Short descriptive text snippets:
::::

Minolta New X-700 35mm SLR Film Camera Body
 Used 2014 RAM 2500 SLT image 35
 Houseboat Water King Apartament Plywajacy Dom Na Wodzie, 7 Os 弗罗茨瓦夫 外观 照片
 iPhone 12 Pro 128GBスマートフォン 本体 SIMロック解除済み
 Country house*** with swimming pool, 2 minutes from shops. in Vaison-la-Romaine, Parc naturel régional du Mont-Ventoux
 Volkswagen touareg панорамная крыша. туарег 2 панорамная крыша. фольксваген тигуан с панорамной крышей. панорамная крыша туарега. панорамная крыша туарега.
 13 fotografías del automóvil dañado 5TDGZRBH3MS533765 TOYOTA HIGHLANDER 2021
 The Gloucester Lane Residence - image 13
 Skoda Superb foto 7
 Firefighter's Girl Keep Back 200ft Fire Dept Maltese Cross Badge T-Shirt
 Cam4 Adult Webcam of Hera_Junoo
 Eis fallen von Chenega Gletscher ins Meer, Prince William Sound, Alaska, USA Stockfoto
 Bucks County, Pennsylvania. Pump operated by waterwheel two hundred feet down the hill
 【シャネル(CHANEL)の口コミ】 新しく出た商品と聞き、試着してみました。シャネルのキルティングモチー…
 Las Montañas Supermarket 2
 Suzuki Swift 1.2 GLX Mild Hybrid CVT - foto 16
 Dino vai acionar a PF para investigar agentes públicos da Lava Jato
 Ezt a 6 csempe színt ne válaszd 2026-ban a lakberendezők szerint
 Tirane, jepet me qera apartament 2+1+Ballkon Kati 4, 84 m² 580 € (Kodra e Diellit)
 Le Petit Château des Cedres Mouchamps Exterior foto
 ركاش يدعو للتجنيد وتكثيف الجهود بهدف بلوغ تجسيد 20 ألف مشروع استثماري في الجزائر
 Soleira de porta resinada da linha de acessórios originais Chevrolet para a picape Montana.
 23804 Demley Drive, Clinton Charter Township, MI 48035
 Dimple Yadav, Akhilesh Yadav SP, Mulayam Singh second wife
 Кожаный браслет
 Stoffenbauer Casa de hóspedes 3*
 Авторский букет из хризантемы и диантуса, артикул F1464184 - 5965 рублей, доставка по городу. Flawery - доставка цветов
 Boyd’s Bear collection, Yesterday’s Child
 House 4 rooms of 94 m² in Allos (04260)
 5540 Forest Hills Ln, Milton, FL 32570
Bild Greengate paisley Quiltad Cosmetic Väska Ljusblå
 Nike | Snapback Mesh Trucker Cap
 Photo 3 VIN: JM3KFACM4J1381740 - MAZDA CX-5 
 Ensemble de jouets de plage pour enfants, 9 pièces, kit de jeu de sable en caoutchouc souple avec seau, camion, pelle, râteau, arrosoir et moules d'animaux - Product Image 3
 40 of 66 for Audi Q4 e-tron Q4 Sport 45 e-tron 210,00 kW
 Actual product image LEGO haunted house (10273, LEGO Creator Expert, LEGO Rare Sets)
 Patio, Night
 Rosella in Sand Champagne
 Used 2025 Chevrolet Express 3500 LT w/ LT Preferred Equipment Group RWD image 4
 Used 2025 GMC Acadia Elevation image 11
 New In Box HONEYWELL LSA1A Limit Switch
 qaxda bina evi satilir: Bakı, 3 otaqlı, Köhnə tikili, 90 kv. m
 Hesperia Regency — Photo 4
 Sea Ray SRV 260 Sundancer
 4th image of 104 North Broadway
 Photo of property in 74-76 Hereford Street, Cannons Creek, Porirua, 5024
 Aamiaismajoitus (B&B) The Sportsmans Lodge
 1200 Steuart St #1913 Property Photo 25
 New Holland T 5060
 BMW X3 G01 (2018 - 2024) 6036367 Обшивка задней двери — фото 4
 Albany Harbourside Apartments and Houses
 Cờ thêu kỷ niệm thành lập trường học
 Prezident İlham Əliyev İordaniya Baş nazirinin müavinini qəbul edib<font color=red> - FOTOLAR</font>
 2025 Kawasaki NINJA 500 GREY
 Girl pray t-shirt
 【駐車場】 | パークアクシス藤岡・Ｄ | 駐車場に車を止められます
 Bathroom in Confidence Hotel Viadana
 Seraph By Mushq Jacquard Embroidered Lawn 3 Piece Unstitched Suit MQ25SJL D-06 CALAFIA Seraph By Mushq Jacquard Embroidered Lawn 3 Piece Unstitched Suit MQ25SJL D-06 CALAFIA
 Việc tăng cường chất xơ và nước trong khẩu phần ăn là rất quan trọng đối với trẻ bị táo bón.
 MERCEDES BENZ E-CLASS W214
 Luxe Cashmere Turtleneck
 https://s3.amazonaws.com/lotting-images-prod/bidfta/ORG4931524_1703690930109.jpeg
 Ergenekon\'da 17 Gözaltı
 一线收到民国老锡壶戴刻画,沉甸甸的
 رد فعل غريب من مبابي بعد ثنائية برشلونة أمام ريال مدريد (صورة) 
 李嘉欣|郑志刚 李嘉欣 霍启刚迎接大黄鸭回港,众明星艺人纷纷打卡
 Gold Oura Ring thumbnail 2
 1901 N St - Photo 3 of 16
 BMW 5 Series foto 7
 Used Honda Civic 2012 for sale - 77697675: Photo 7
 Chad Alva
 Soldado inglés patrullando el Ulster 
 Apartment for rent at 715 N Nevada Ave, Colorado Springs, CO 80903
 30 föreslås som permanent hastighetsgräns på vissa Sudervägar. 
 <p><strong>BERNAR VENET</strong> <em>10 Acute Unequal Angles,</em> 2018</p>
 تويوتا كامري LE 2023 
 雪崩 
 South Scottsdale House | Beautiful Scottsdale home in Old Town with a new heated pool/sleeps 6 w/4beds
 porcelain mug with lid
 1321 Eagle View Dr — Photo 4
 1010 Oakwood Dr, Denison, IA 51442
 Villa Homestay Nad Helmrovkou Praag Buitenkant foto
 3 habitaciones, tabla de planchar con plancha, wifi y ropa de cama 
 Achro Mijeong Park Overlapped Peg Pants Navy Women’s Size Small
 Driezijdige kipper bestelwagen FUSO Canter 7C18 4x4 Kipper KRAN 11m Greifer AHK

::::

* EXERCISE REQUIREMENTS: What is needed is an exact copy of the lines above, from the one containing "Photo 3 VIN: JM3KFACM4J1381740 - MAZDA CX-5" through the one containing "Patio, Night", with nothing added.

* REPLY:
 Photo 3 VIN: JM3KFACM4J1381740 - MAZDA CX-5 
 Ensemble de jouets de plage pour enfants, 9 pièces, kit de jeu de sable en caoutchouc souple avec seau, camion, pelle, râteau, arrosoir et moules d'animaux - Product Image 3
 40 of 66 for Audi Q4 e-tron Q4 Sport 45 e-tron 210,00 kW
 Actual product image LEGO haunted house (10273, LEGO Creator Expert, LEGO Rare Sets)
 Patio, Night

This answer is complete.